Watch: (20 minutes) (H/T William)

This might be a very useful thing to show to pastors who favor socialist policies and big government redistribution. He actually says that the conservative policies that conservatives embrace attracted him to theism. I just think that is so hilarious… because all the pastors seem to want to embrace left-wing causes. Especially things like global warming, illegal immigration, redistribution of wealth, single payer health care, etc. Well, the kinds of atheists we like – the ones who believe in liberty, prosperity, security – don’t hold our small government politics against us.

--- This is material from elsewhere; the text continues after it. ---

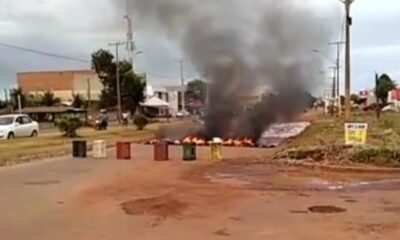 Moradores do Taquari, em Palmas, bloqueiam principal avenida do setor durante protesto; entenda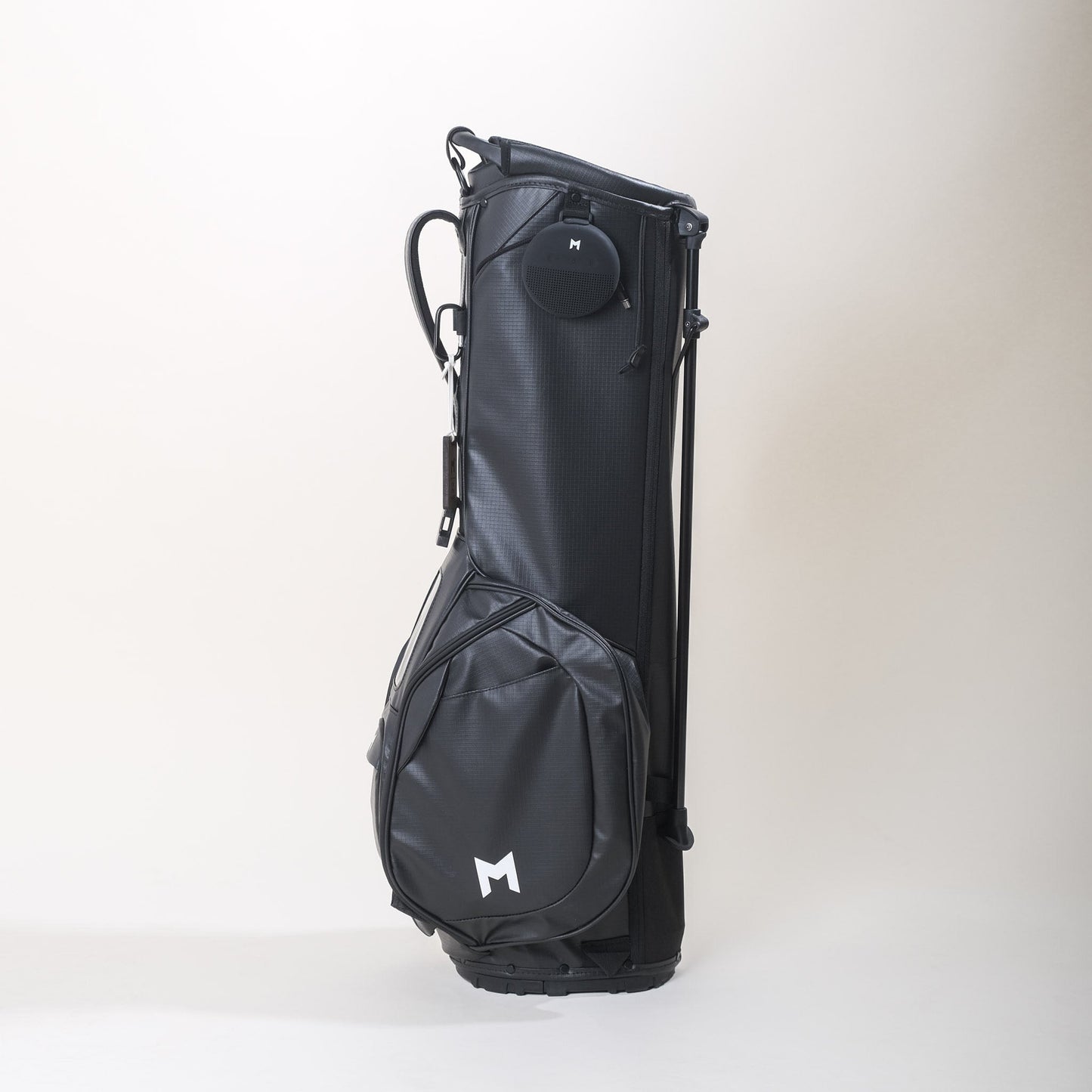 MNML GOLF's 2024 golf bag innovation is the black MNML GOLF bag features 100% recycled ripstop for a more durable and lasting golf bag.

No Christian presents their views through government – that’s why we are all crazy about apologetics. We love apologetics as much as secular leftists love big government. At least apologetics is non-coercive he says. But when atheists enforce their view through big government, backed by prisons and guns, that is coercive. His arguments about demographics, and being willing to marry, have kids for the good of society are terrific to illustrate the value of self-sacrifice within the Christian worldview. Far from being a liability, devotion to small government, low taxes and individual liberty is actually an asset when evangelizing. Just as pious pastors are all rushing to join the open borders, global warming, single-payer health care, radical feminism team, we find out that principled atheists are uncomfortable with many of those things. Maybe we should take note of that, instead of just blindly following the crowd.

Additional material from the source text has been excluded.